DPC is sharing threads posted on Twitter/X for readers not on that platform.

1/ On Wednesday, Bosnia and Herzegovina’s state-level coalition reached agreement on a draft law on conflict of interest, which was adopted by the Council of Ministers.

2/ As we point out in a separate thread posted today, the politics of greenlighting accession negotiations are fraught and will play into the hands of incumbent elites in the country.

But beyond that, the law is highly problematic on substance.

3/ It formally replaces the existing conflict of interest commission, composed of a majority of MPs, by an independent body of 7 expert members. However, through a composition mirroring the ethnic power-sharing model of Dayton BiH, …

4/ … with two members coming from each of BiH’s three constituent peoples, and one from the “others” (article 18), combined with their appointment by the BiH parliament by simple majority (article 19), …

5/ … the commission in reality will remain under the total control of the ruling coalition, with the Dodik-Čović tandem controlling a majority that will prevent the commission from taking any decision against their party interests (article 22).

6/ Such a body will certainly do nothing to push against endemic corruption and nepotism unless it is in the service of their narrow party agendas. It encapsulates the mutually assured destruction – and defining deviancy down – at the heart of BiH’s #PeaceCartel.

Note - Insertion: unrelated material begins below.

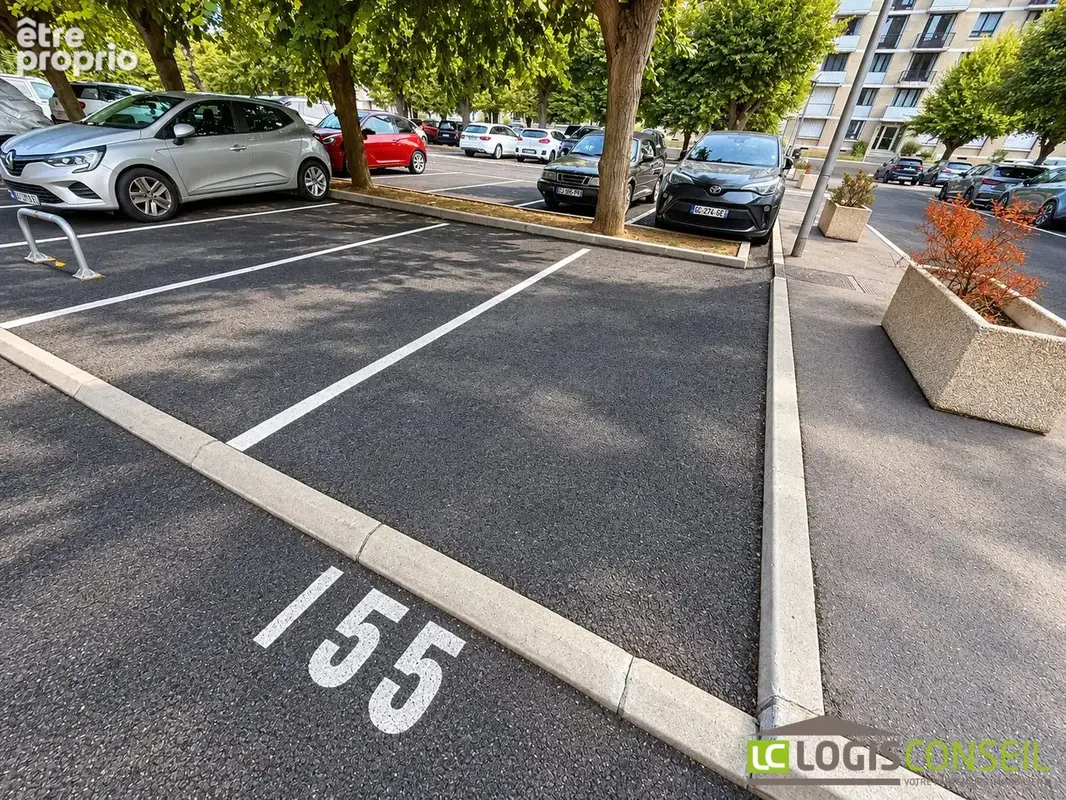 Parking à vendre à Chatillon (92320) - photo 2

7/ In addition, the new law opens the possibility for entity and cantonal legislation to annul the ban on state-level officials to simultaneously hold office at lower levels of governance (art. 6 (2)).

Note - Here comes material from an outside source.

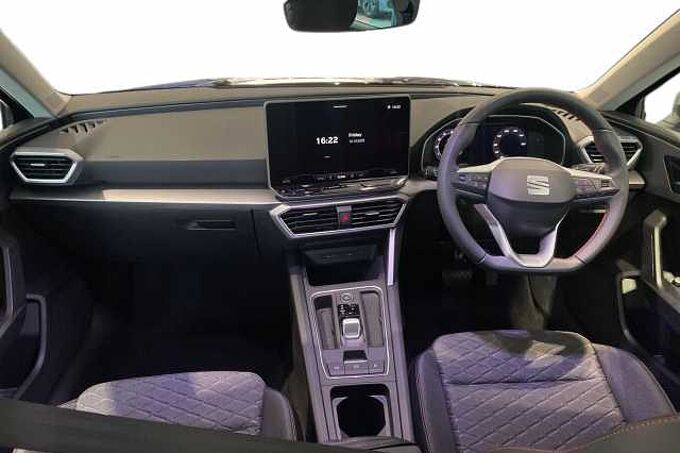 SEAT Leon 1.5 eTSI 150 FR 5dr DSG *Delivery Miles*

8/ Further, unlike the existing law and earlier drafts of the new law, the final version removes the unrestricted obligation of institutions, bodies and legal persons in the entities and cantons to provide financial and property data of a public official …

9/ … when requested by the commission, i.e. it (art. 17 (3)) enables entities and cantons to adopt legislation blocking such an obligation; which history shows they will certainly do to reduce transparency.

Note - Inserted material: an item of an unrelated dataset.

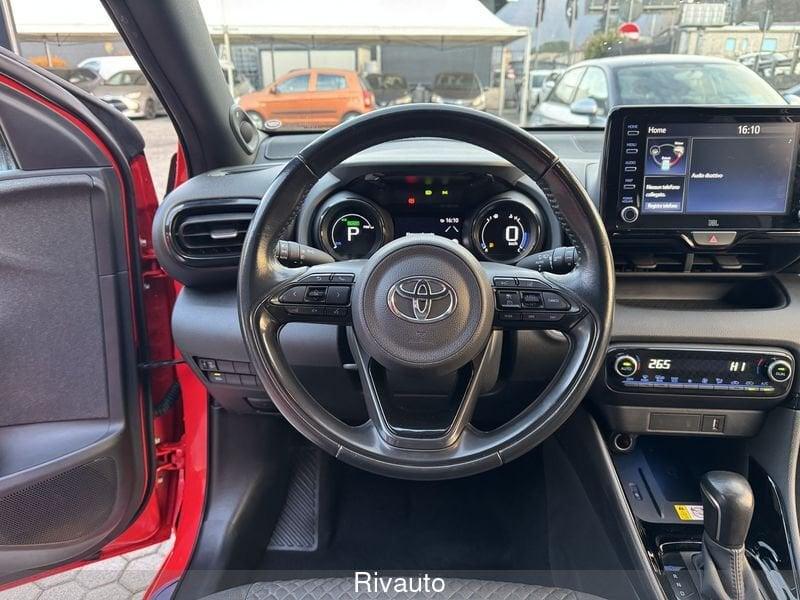 Toyota Yaris Yaris 1.5 Hybrid 5 porte Premiere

10/ Finally, the new law removes a provision in the existing one that entity laws on conflict of interest are not allowed to contravene the state law, meaning that lower-level laws will be able to be even weaker than this already weak state law.

11/ To sum up, the law scheduled for passage today will not fight conflicts of interest, but rather change the law to make such conflicts easier to pursue – and hide.

12/ It also furthers Dodik & Čović’s aim of further weakening state primacy in favor of levels of govt over which they exercise singular control. In giving an EU seal of approval to the law, the EU is helping BiH politicians consolidate feudal dominance in “their” domains.